Barrett’s Oesophagus refers to a change in the cells of the lower oesophagus. It is characterised by the replacement of the normal cells of the oesophagus by a different type of cells that are usually found in the stomach and intestine. This change in cells is due to long term exposure to reflux of gastric contents. Your Dr may have taken a biopsy to assist with diagnosis.

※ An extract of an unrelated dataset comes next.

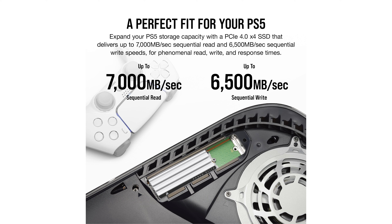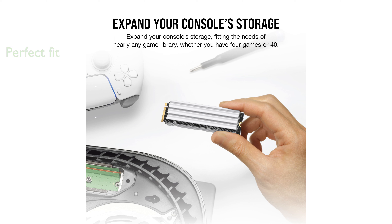Its M.2-2280 form factor and pre-installed low-profile aluminum heatsink ensure it fits perfectly into the PlayStation 5's M.2 slot while maintaining optimal performance.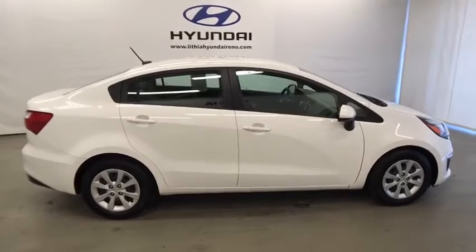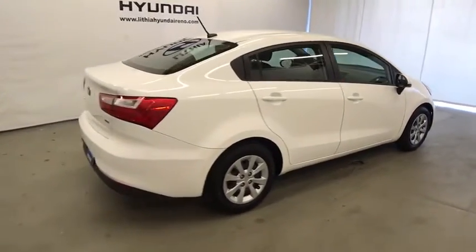This vehicle has less than 45,000 miles. Here are some of this vehicle's great options.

The symptoms of Barrett’s are the same as for GORD (Gastro-oesophageal Reflux Disease), and this is often a reason that people don’t seek medical treatment until the condition is quite advanced. The symptoms of Barrett’s Oesophagus include:
- Nausea or vomiting
- Frequent or ongoing heartburn
- Bloating or belching
- Acid taste in the mouth
- Painful or difficulty swallowing
People who have long-standing GORD have an increased risk of developing Barrett’s. Therefore, early diagnosis and treatment of GORD is important to decrease the risk of developing Barrett’s. Risk factors include:
- Being overweight
- Aged over 50
- Family history
- Caucasian heritage
- Male gender
Once diagnosed with Barrett’s it is important that you follow the treatment plan that is given to you to help eliminate acid reflux. Without treatment the constant exposure to gastric juices the cellular changes have the potential to become cancerous. Precancerous cells may be treated with treatments such as radiofrequency ablation, where the cells are burnt away, but these treatments have risks and should to be discussed with your treating Doctor.
Regular monitoring may be recommended by your Doctor.